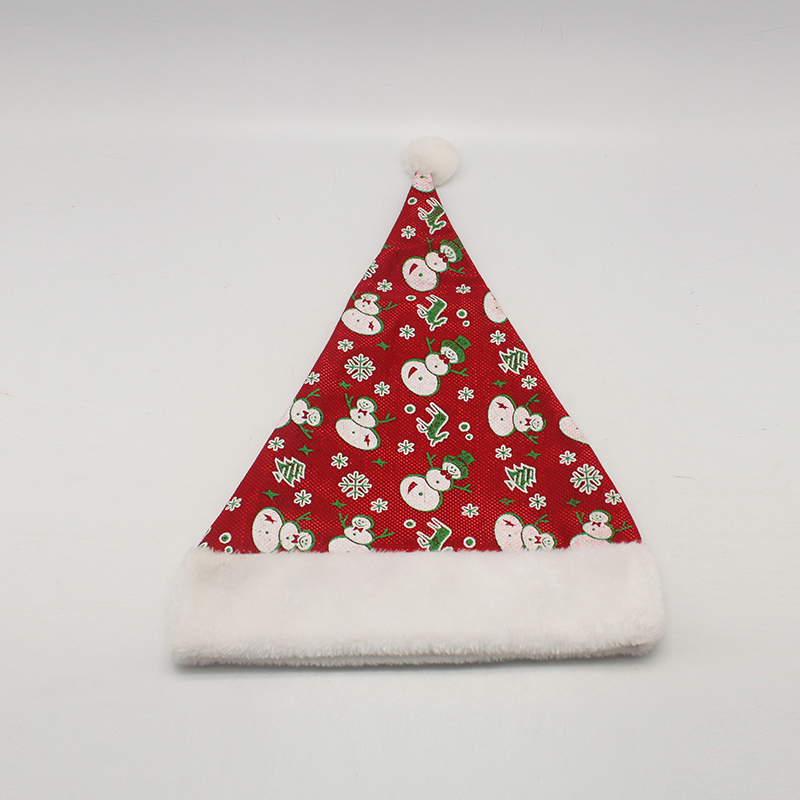 红色短毛绒金线雪人帽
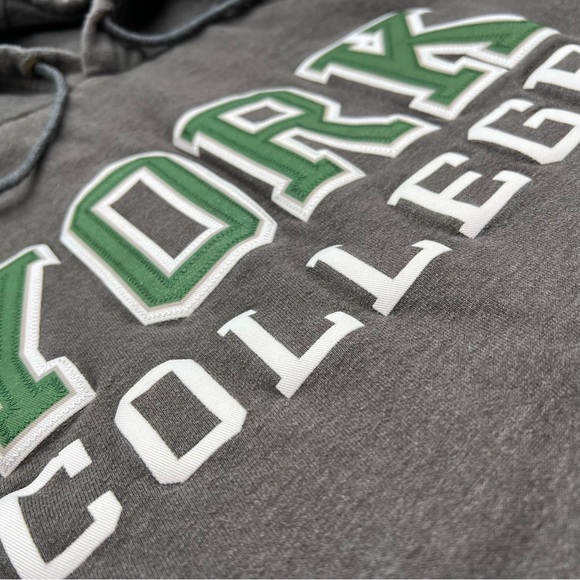 Vintage York College Spartans Hoodie Men’s XL Gray Sweatshirt JanSport Pullover - Picture 3 of 5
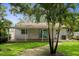 Backyard with a patio, lush green lawn, and tropical palm trees for relaxing and entertaining at 5702 Tangerine S Ave, Gulfport, FL 33707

- [DESCRIPTION OF THE TASK]:
Please set down the data above exactly as given, leaving every picture out.

- [SOLUTION TO THE EXERCISE]:
 红色短毛绒金线雪人帽
 Vintage York College Spartans Hoodie Men’s XL Gray Sweatshirt JanSport Pullover - Picture 3 of 5
 Backyard with a patio, lush green lawn, and tropical palm trees for relaxing and entertaining at 5702 Tangerine S Ave, Gulfport, FL 33707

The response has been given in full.